Un día tomamos conciencia de que estábamos en este mundo y, en consecuencia, estábamos vivos. Pero, también, en la medida que madurábamos, supimos que un día también acabará esta vida de aquí abajo, de este mundo concreto.
En resumen, sabemos que hemos nacido, pero, también sabemos que hemos de morir. La muerte – nuestra muerte – marca ese momento de encuentro directo con nuestro Creador, Padre Dios. Y será para gozar de su presencia eternamente en gozo, felicidad y gloria, o para la ignominia perpetua.
Vivir de forma indiferente a esta impronta grabada en nuestro corazón es vivir despistado, equivocado y disparatado. Es tomar un camino diferente al y para el que hemos sido creados. Porque, nuestro destino es gozar del Amor de Dios Eternamente. Otro destino, que será el contrario, es perder la gran oportunidad de plenitud gozosa a la que estamos llamados.
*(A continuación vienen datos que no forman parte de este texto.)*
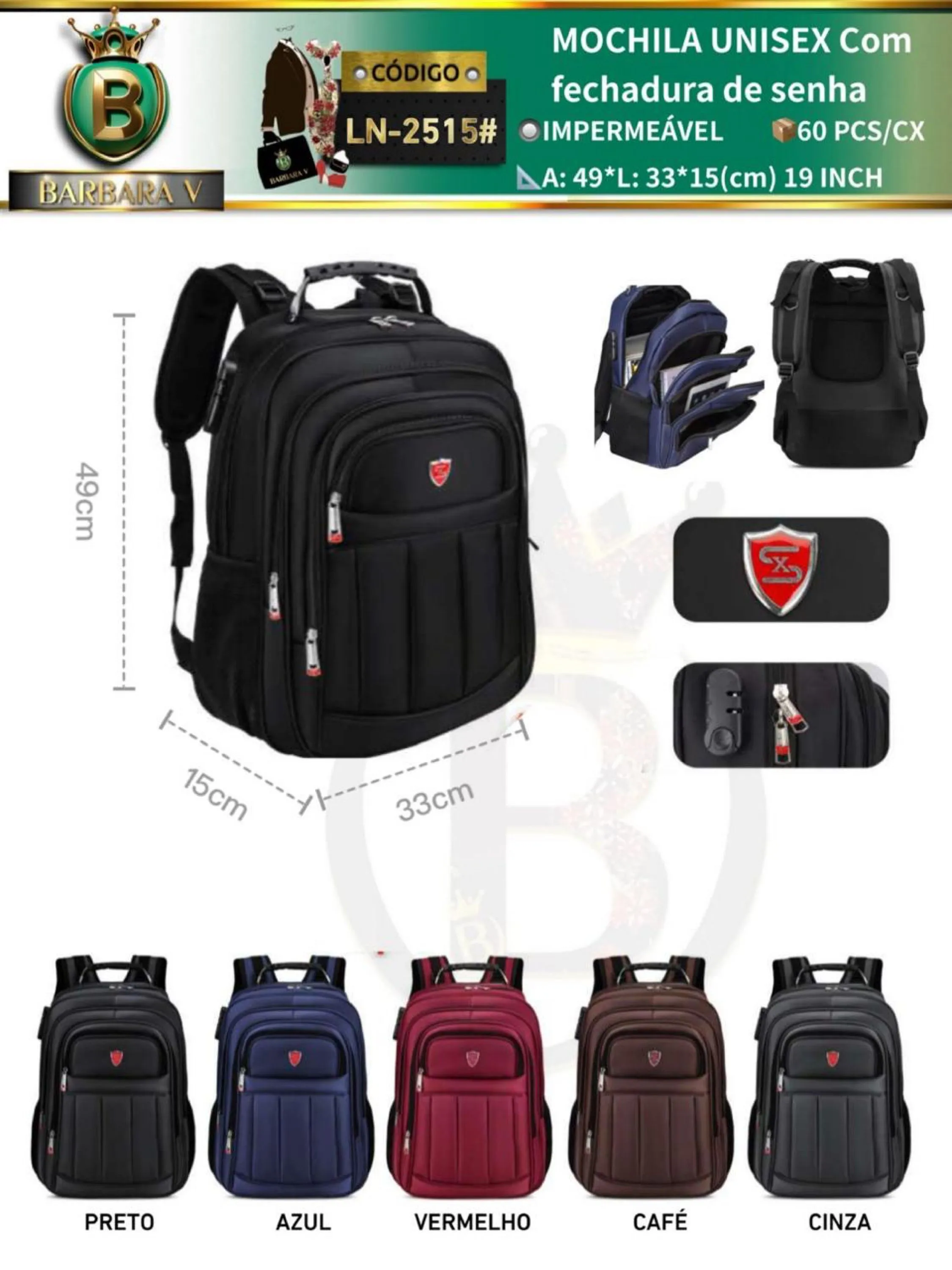 MOCHILA Com fechadura de senha com CABO USB/P2 (LN-2515#)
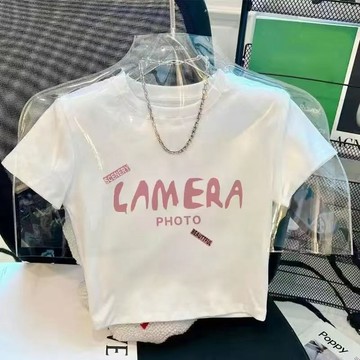 胖胖美依 短版上衣 短袖T卹 印花上衣 簡約 S-2XL新款甜辣短袖印花辣妹短款修身上衣-6899.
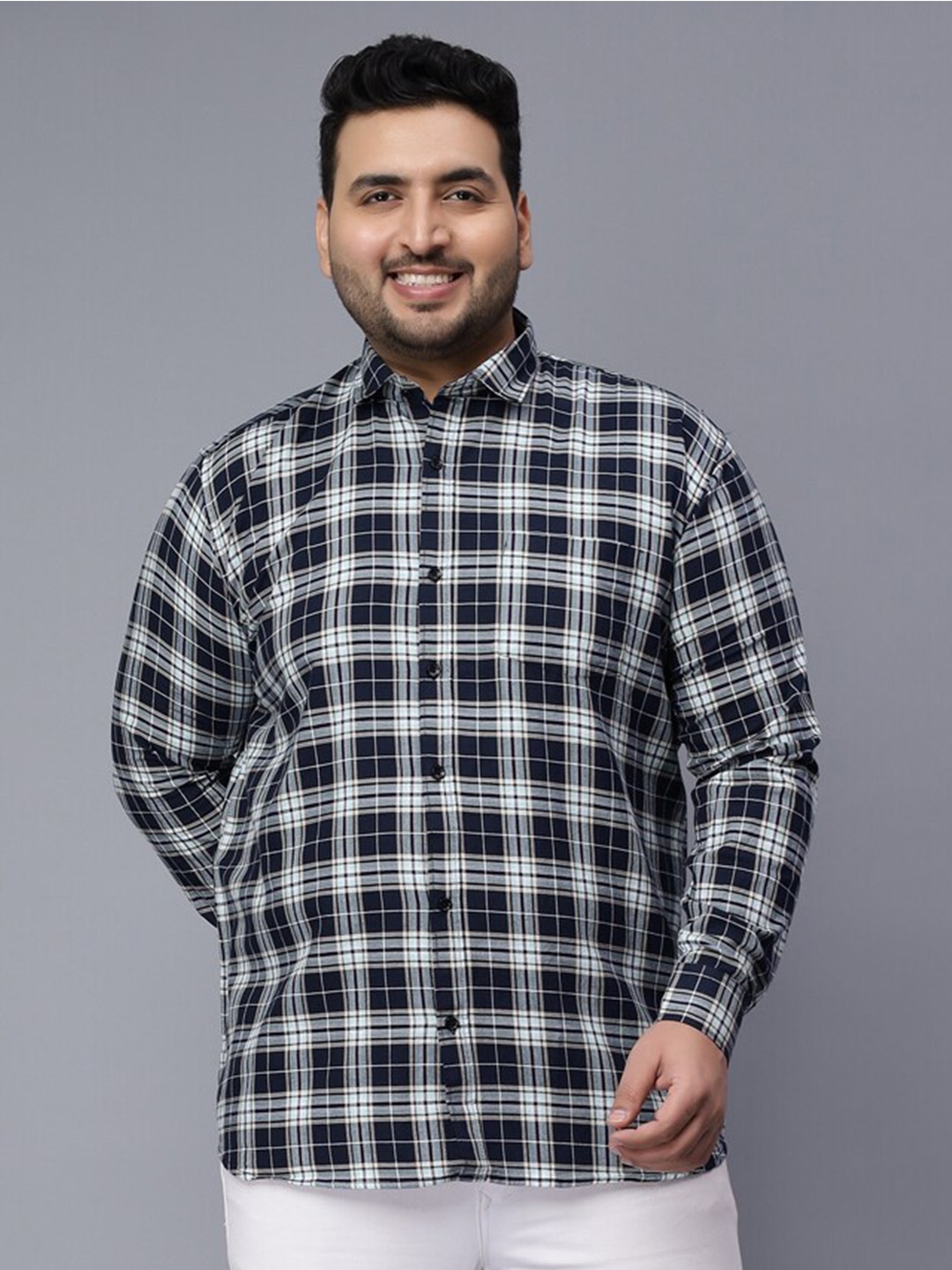 

Toodle Plus Custom Tartan Checked Cotton Casual Shirt, Navy blue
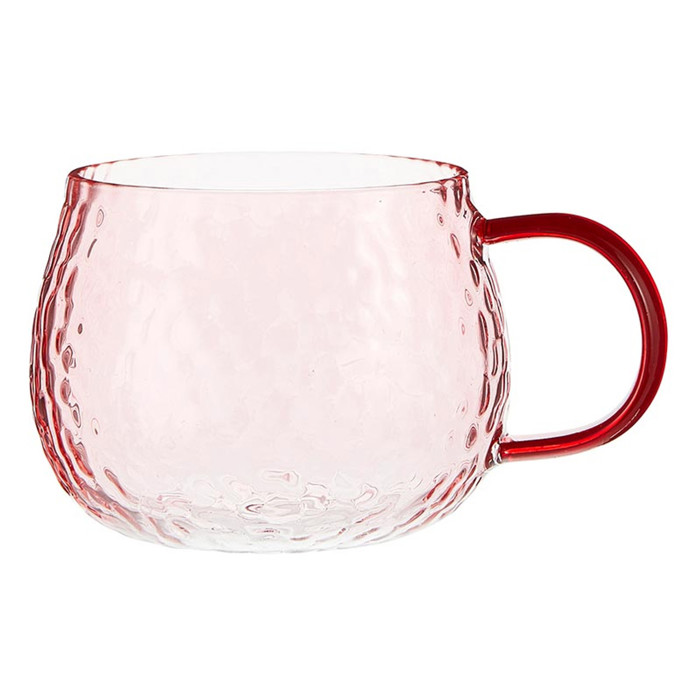 Hammered Glass Mug in Pink | Holiday Coffee & Cocoa Cup | 12oz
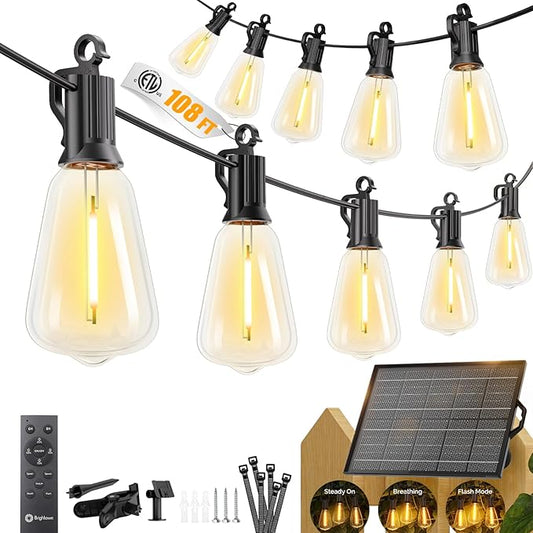 Brightown 108FT 50+2 LED Solar String Lights Outdoor Waterproof, Patio Lights with Remote and Shatterproof Bulbs, Dimmable & Timable, 3 Light Modes, Solar Lights Outdoor for Yard Garden Camping Party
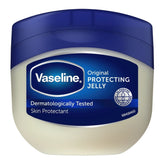 A 250ml Vaseline Original Protecting Jelly with a blue lid and label, dermatologically tested—a trusted skin protectant and essential for moisture protection.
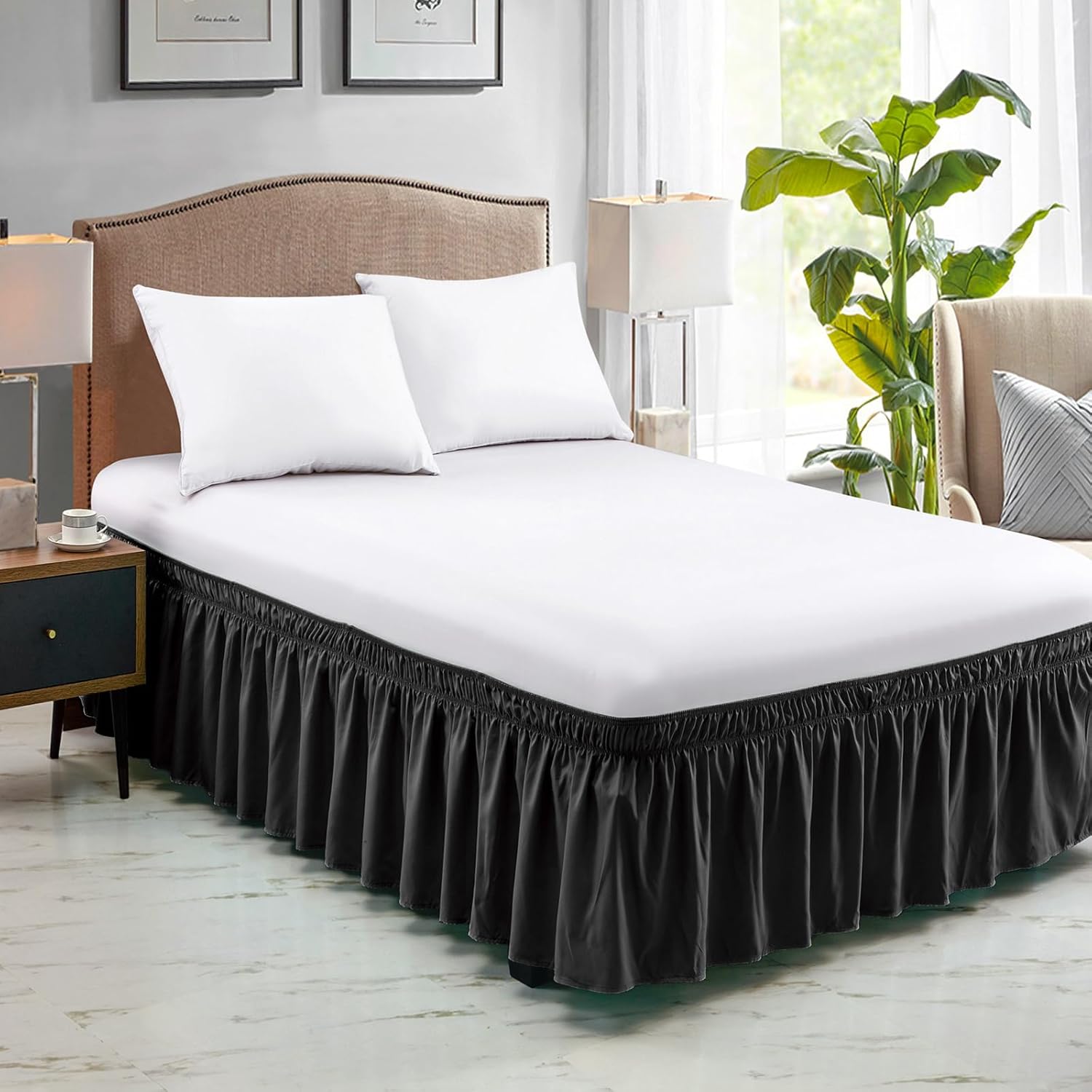 freshculture twin bed skirt, elastic wrap around bed skirt twin size, bed skirts for adjustable bed, easy fit with 18 inch drop length, hotel quality dust ruffle for twin bed (black) black twin-18" drop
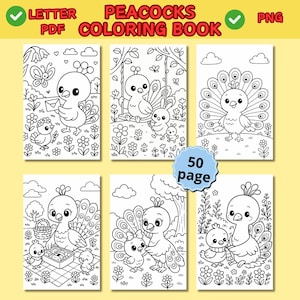 50 Peacock coloring book, Peacock coloring PDF, Kids coloring book, Printable coloring pages, Coloring book for toddlers, Animal coloring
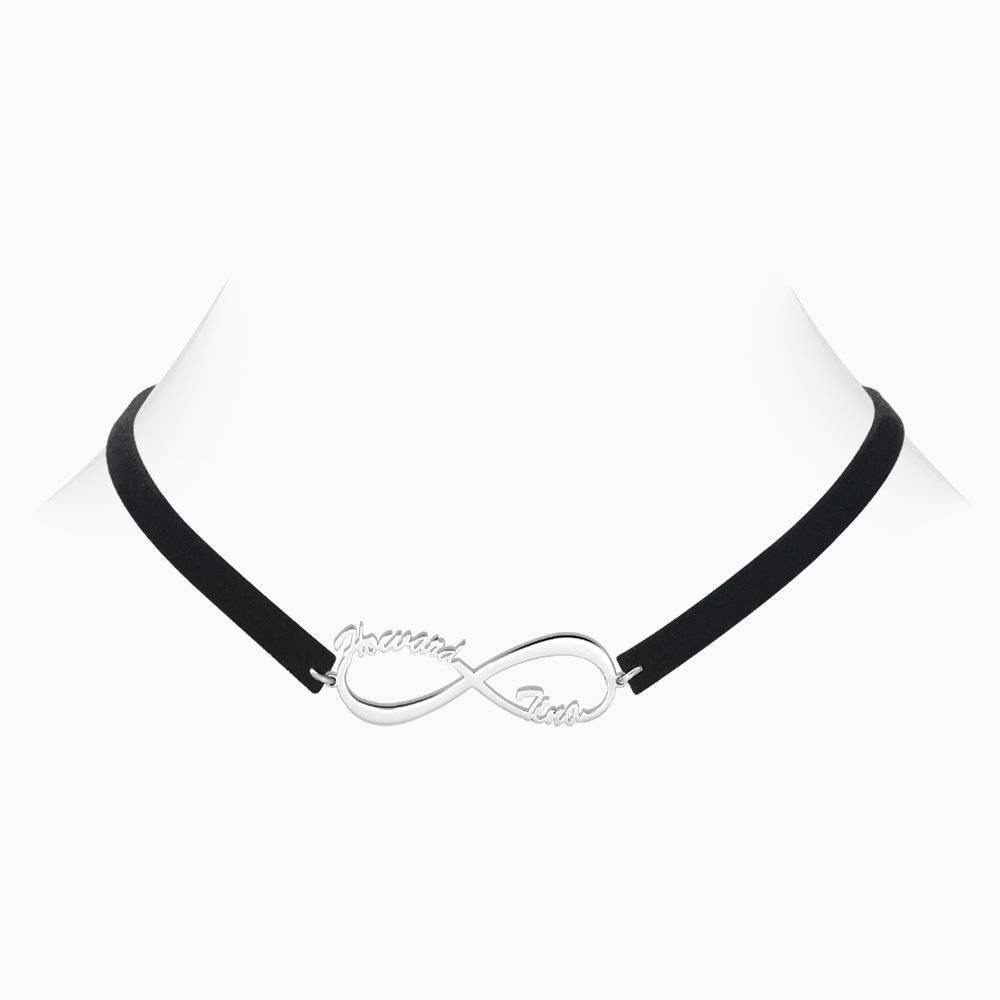 Black Leather Infinity Name Choker - soufeelus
Por eso, la hora de encontrarnos con el Señor está siempre cerca. Puede ser hoy, mañana o en este mismo instante. De ahí que tenemos que estar siempre preparados y atentos, porque el Señor – nadie lo sabe – puede venir en cualquier instante. Y estar atento significa que, tanto en las horas de oscuridad, de desfallecimiento o de zozobra, como en las que reluce el sol y la vida sonríe, tratemos de sostenernos siempre en la presencia del Señor, porque, Él no se va, está siempre presente y a nuestro lado. Y nos protegerá siempre que, como nos dice el salmo de hoy, nos refugiemos en Él.